**WHAT YOU SHOULD DO:** Looking at the listing below, retype exactly the lines starting at the one containing "ユノ(Juno)の写真/【美" and ending at the one containing "H760 Fujitsu Celsius", both included, and nothing else.

**DATA FOR THIS TASK:**

========

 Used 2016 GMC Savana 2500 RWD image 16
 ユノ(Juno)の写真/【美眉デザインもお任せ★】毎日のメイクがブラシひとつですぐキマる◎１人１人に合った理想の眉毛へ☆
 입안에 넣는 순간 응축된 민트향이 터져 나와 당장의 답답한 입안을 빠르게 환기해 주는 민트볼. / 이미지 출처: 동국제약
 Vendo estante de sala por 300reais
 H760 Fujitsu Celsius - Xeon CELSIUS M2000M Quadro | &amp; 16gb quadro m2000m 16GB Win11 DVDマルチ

========

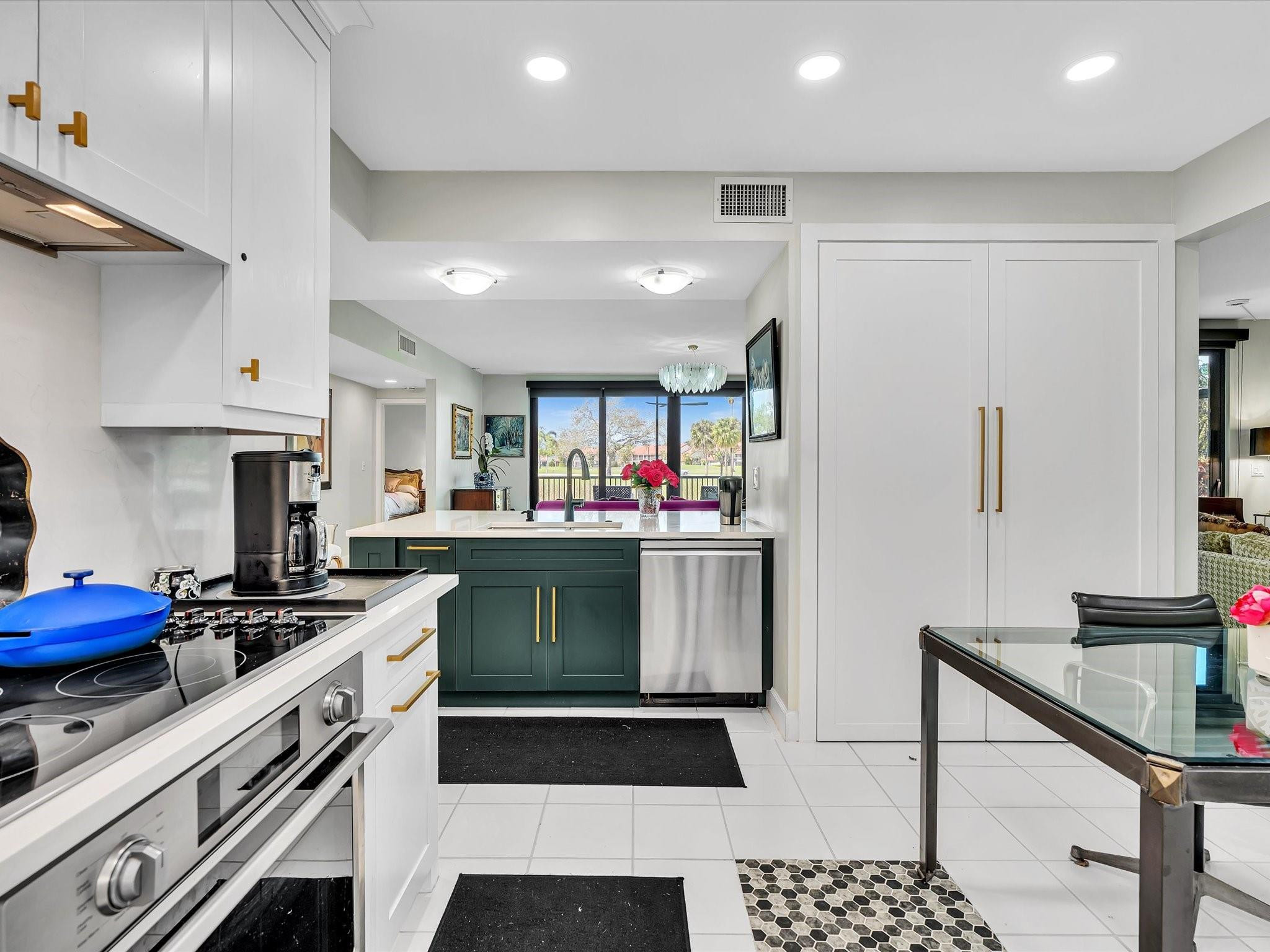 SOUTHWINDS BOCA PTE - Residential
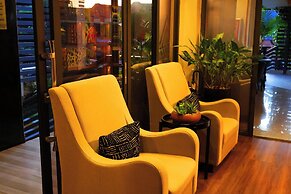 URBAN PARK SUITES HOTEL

========

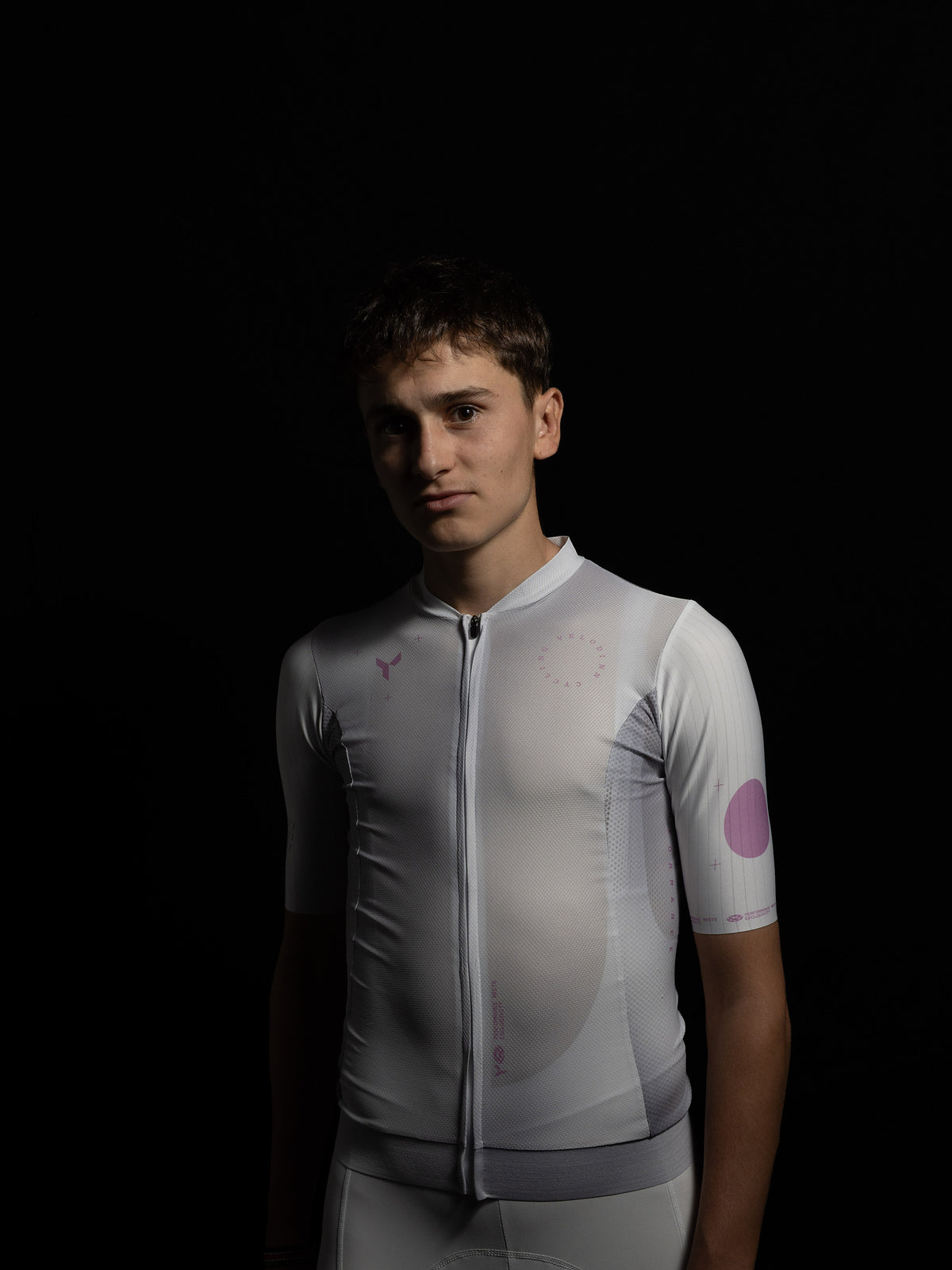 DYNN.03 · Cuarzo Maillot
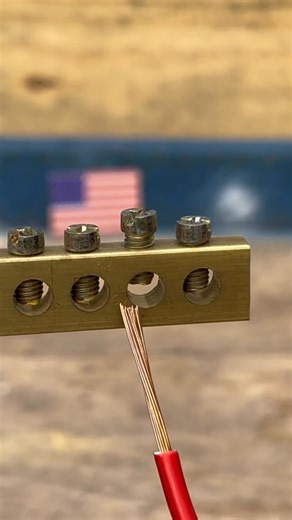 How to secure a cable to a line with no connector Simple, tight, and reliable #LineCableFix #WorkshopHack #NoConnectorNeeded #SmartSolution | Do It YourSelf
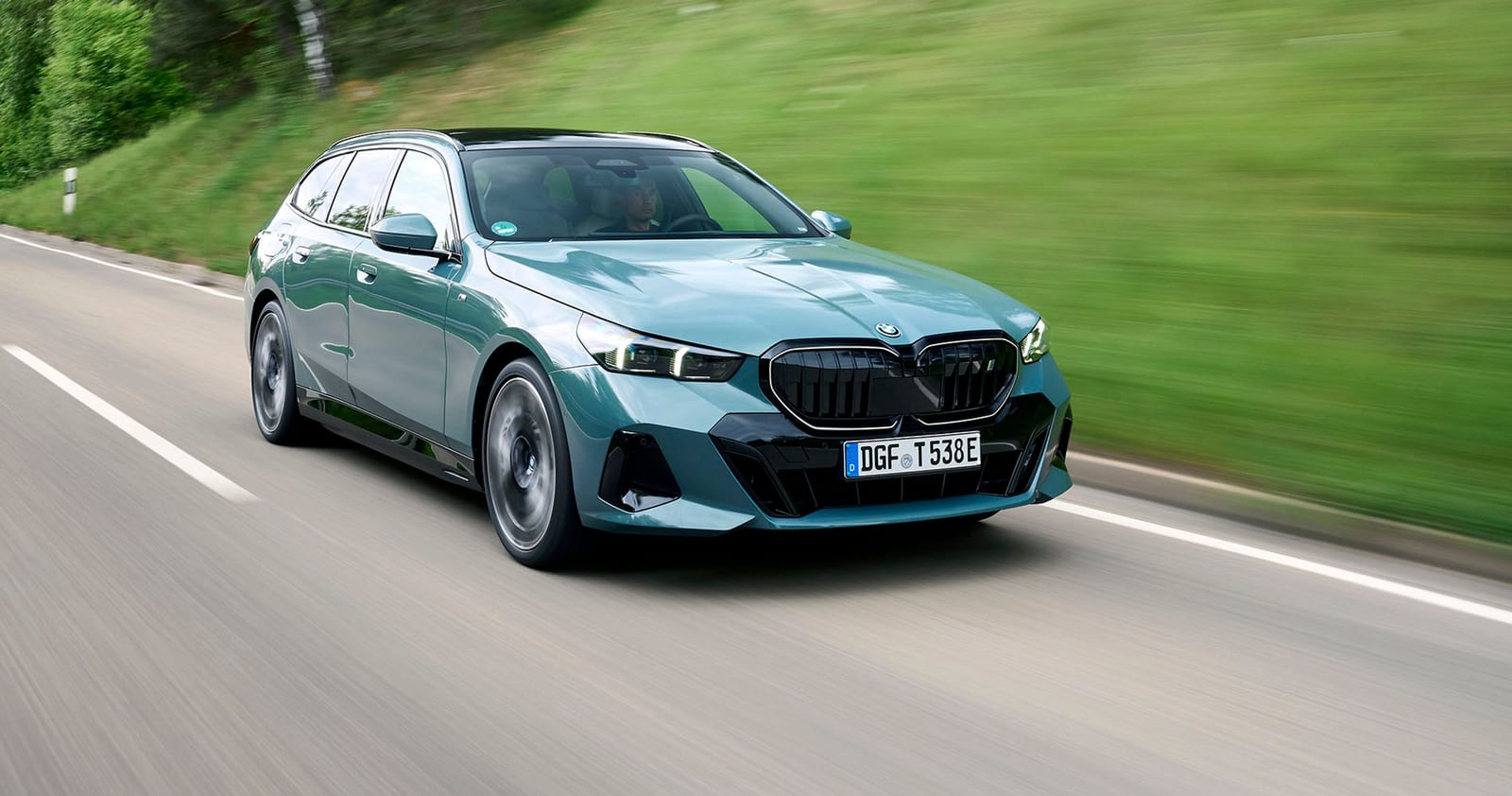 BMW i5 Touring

========

**YOUR RESPONSE:**
 ユノ(Juno)の写真/【美眉デザインもお任せ★】毎日のメイクがブラシひとつですぐキマる◎１人１人に合った理想の眉毛へ☆
 입안에 넣는 순간 응축된 민트향이 터져 나와 당장의 답답한 입안을 빠르게 환기해 주는 민트볼. / 이미지 출처: 동국제약
 Vendo estante de sala por 300reais
 H760 Fujitsu Celsius - Xeon CELSIUS M2000M Quadro | &amp; 16gb quadro m2000m 16GB Win11 DVDマルチ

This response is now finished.